Segundo a ministra do Meio Ambiente e Mudança do Clima,
Marina Silva, os recursos vão auxiliar o Brasil a atender as metas no âmbito do
acordo de Paris. “O objetivo é enfrentar o problema da mudança do clima
e ao mesmo tempo enfrentar as desigualdades. Para que a gente possa
sair da lógica de apenas mitigar e adaptar, mas também transformar as bases econômicas
sociais e culturais do modelo de desenvolvimento vigente”, disse
Marina.
Criado em 2009, o Fundo Nacional sobre Mudança do Clima tem
o objetivo de financiar projetos, estudos e empreendimentos voltados à redução
de emissões de gases de efeito estufa e à adaptação aos efeitos da mudança do
clima. São disponibilizados recursos nas modalidades
reembolsável, administrados pelo BNDES, e não-reembolsável, que são
operados pelo MMA.
“O Brasil tem todas as condições de liderar a agenda do
combate à crise climática e da transformação ambiental e ecológica, mas não tem
recursos para promover essa transformação e capacidade de investimento”, disse
o presidente do BNDES, Aloísio Mercadante.

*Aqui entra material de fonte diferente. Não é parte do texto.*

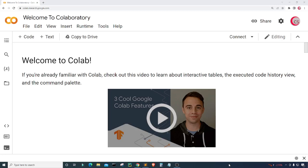Hello everyone and welcome to this video on the Python programming language. In this video I'll attempt to find assets that gave a greater return than the S&P 500.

As áreas de atuação do Fundo serão: desenvolvimento urbano
resiliente e sustentável; indústria verde; logística de transporte, transporte
coletivo e mobilidade verdes; transição energética, florestas nativas e
recursos hídricos e serviços e inovação verdes. As taxas de juros serão
definidas pelo Conselho Monetário Nacional (CMN) para cada uma das
linhas.
Comitê
Também foi anunciada hoje a ampliação do Comitê Gestor do
Fundo, que tem a função de autorizar o financiamento de projetos e recomendar a
contratação de estudos, com base em diretrizes e prioridades de investimento
estabelecidas a cada dois anos. O grupo passará dos atuais 12 integrantes para
28, com a inclusão de representantes da sociedade civil, inclusive de setores
como agricultores familiares, populações indígenas e quilombolas, além de
representação dos estados e do governo federal.
“O Brasil pode ser o grande protagonista do mundo atraindo investimentos para poder gerar emprego”, afirmou o presidente em exercício e ministro do Desenvolvimento, Indústria, Comércio e Serviços (MDIC), Geraldo Alckmin.